▸ **What to work on**: Omit the pictures found among the records and print everything else exactly as it stands.

★ ★ ★ ★

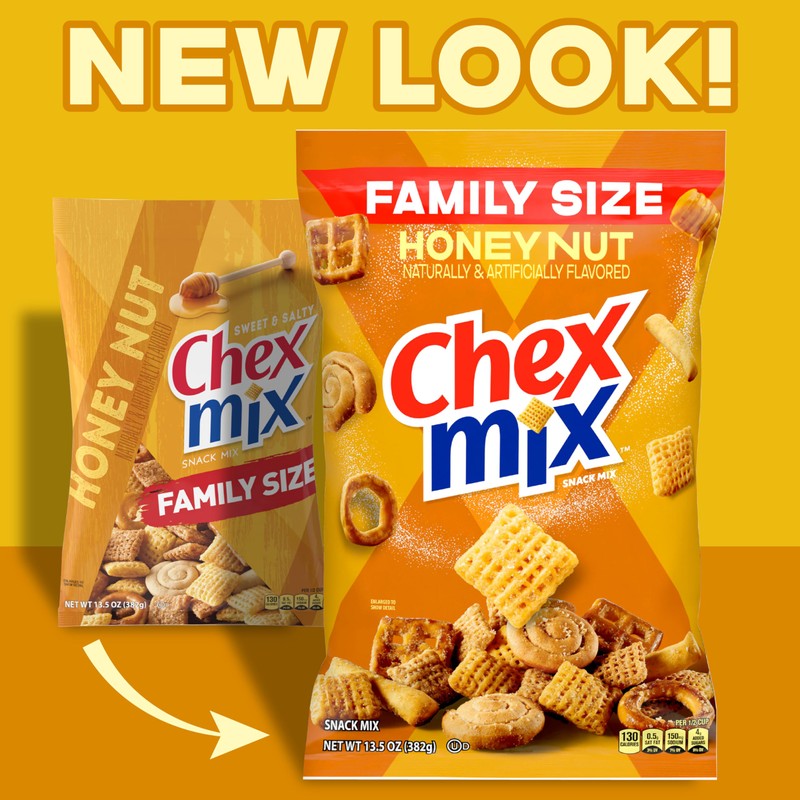 Chex Mix Honey Nut Sweet and Salty Snack Mix, Snacks,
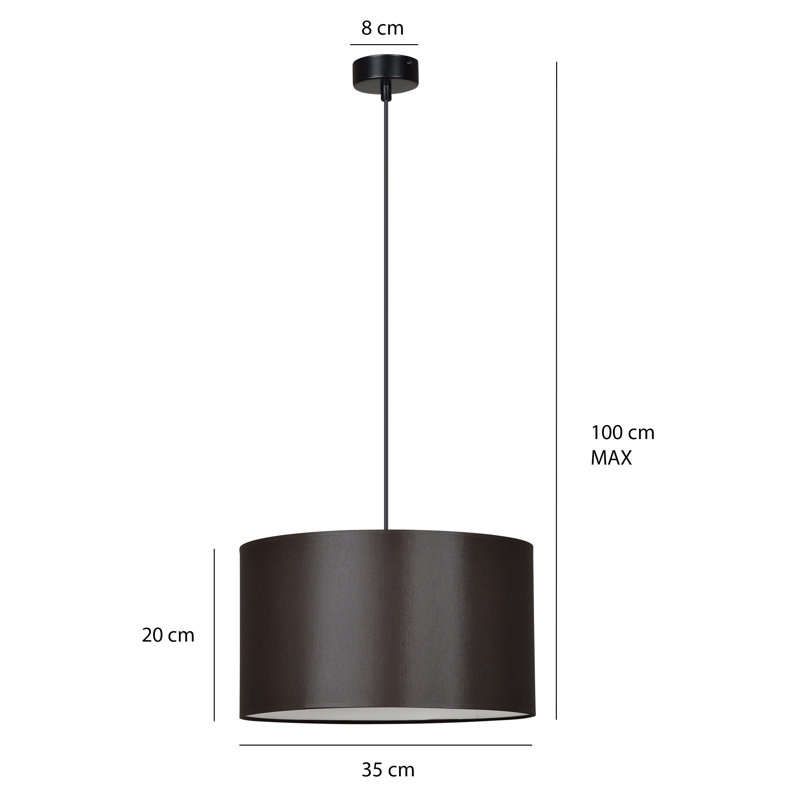 Pascua 1 - Light Drum Pendant, Wenge
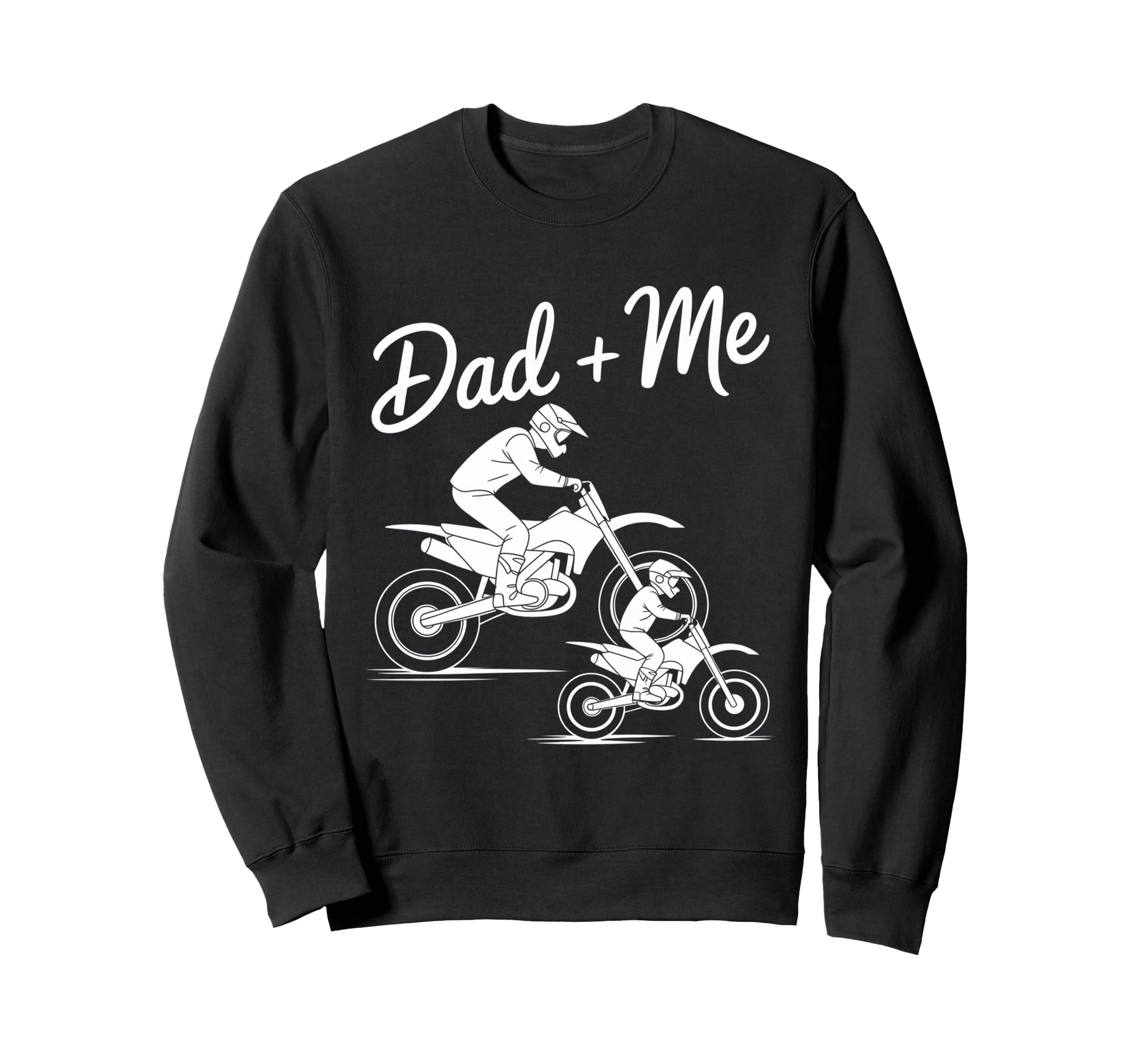 Like Father Like Son Dad And Me Biker Sweatshirt - Graphic Print Men Women - T-Shirt, Sweatshirt, Hoodie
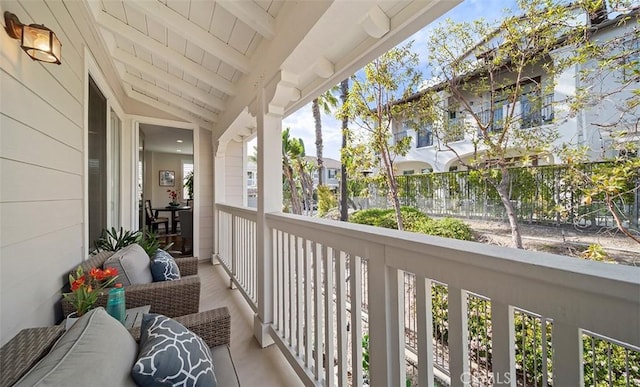 view of balcony
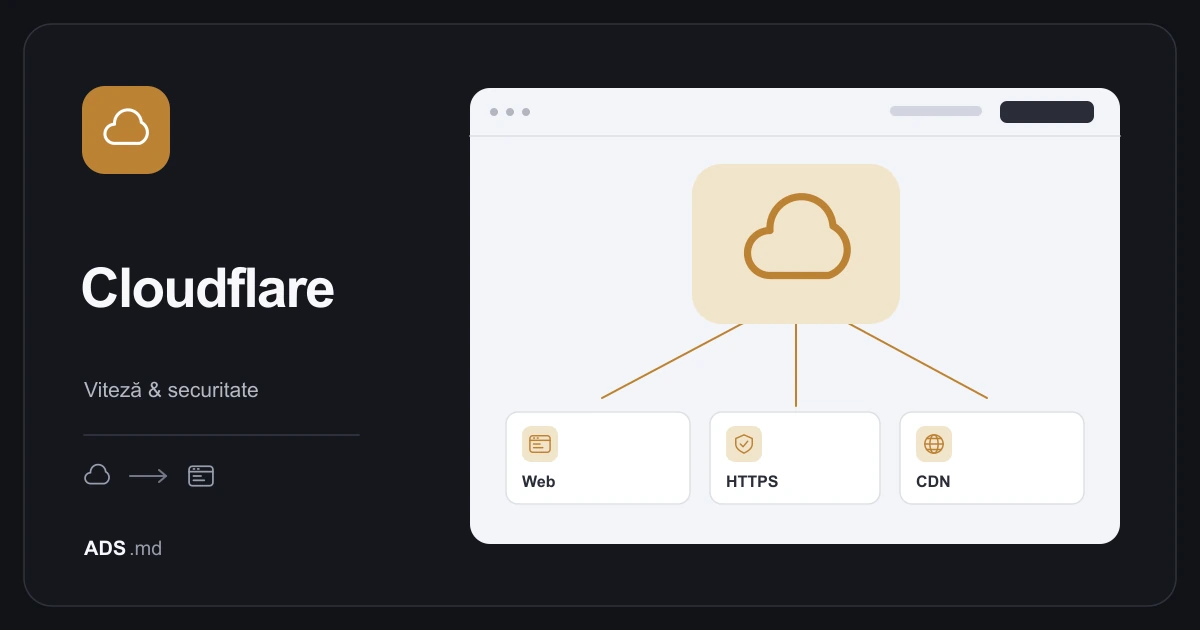 Ilustrație editorială: Cloudflare: configurare atentă pentru viteză și protecție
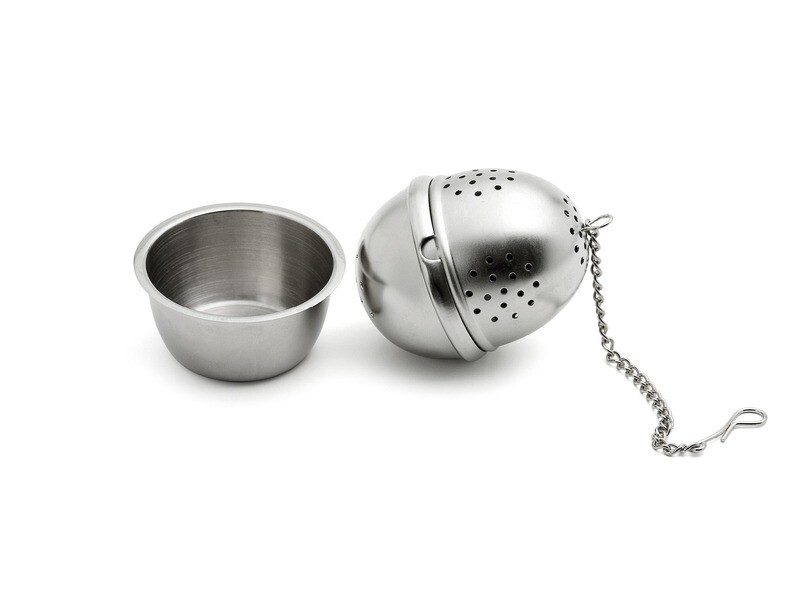Infusore da tè ovale con contenitore 5,5 cm - Weis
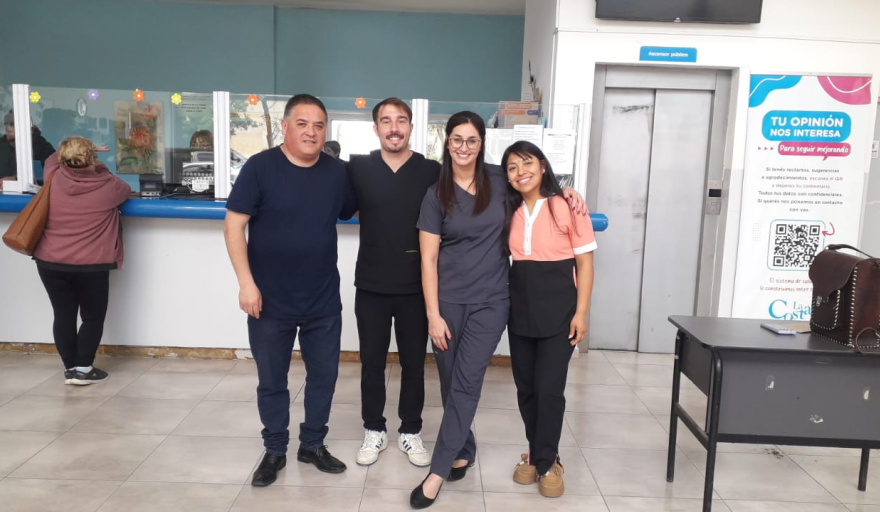 El Hospital de San Clemente realizó una jornada comunitaria de Salud Bucal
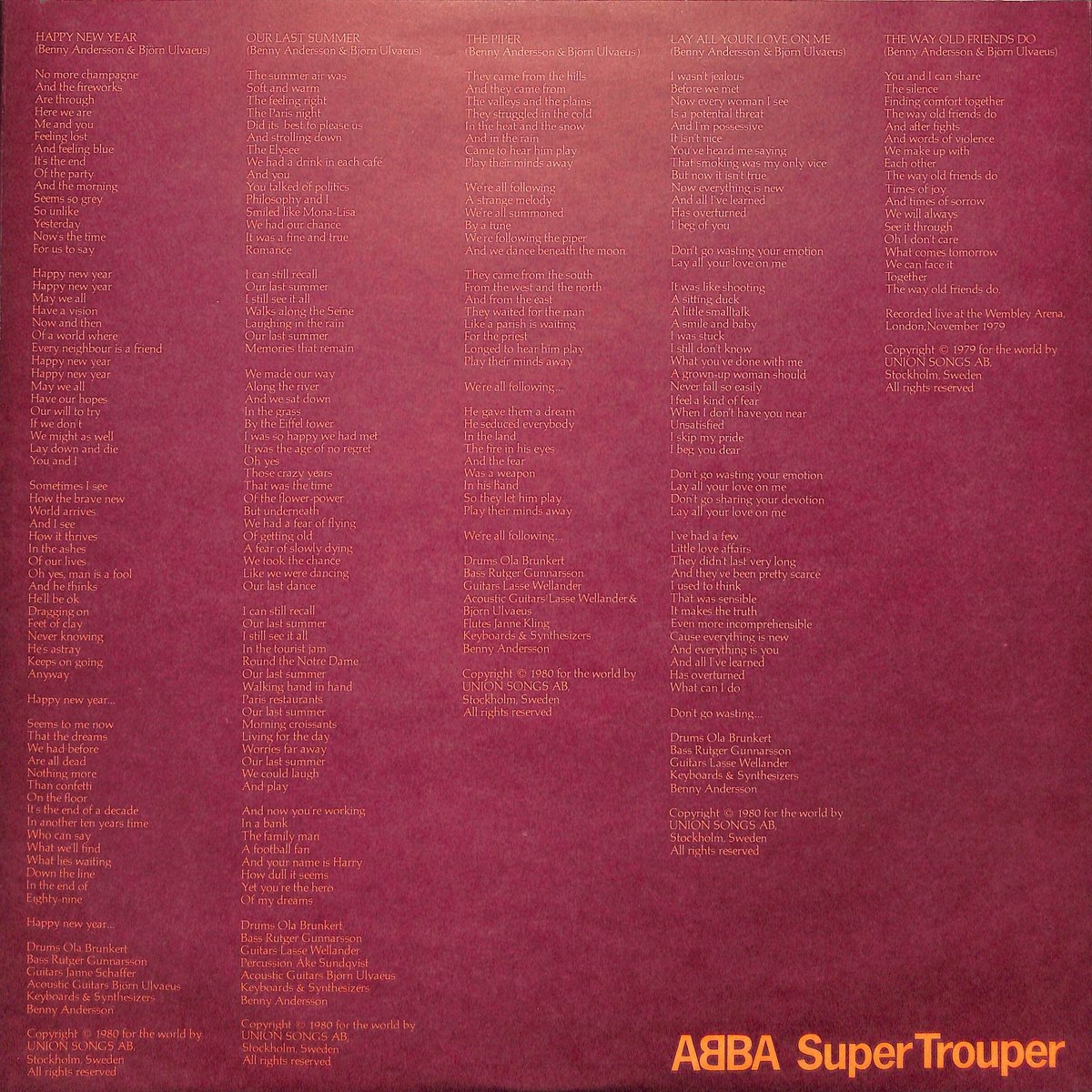 ABBA / スーパー・トゥルーパー [※国内盤,品番:DSP-8004］(LPレコード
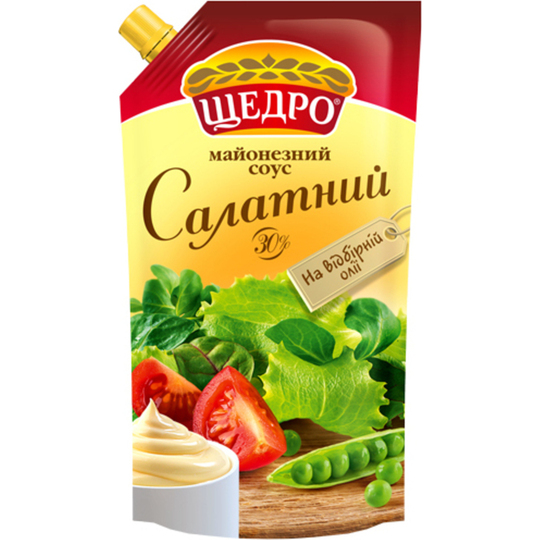 Майон.соус салатний 30% Щедро 550гр д/п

★ ★ ★ ★

▸ **Answer below**:
 Chex Mix Honey Nut Sweet and Salty Snack Mix, Snacks,
 Pascua 1 - Light Drum Pendant, Wenge
 Like Father Like Son Dad And Me Biker Sweatshirt - Graphic Print Men Women - T-Shirt, Sweatshirt, Hoodie
 view of balcony
 Ilustrație editorială: Cloudflare: configurare atentă pentru viteză și protecție
Infusore da tè ovale con contenitore 5,5 cm - Weis
 El Hospital de San Clemente realizó una jornada comunitaria de Salud Bucal
 ABBA / スーパー・トゥルーパー [※国内盤,品番:DSP-8004］(LPレコード
 Майон.соус салатний 30% Щедро 550гр д/п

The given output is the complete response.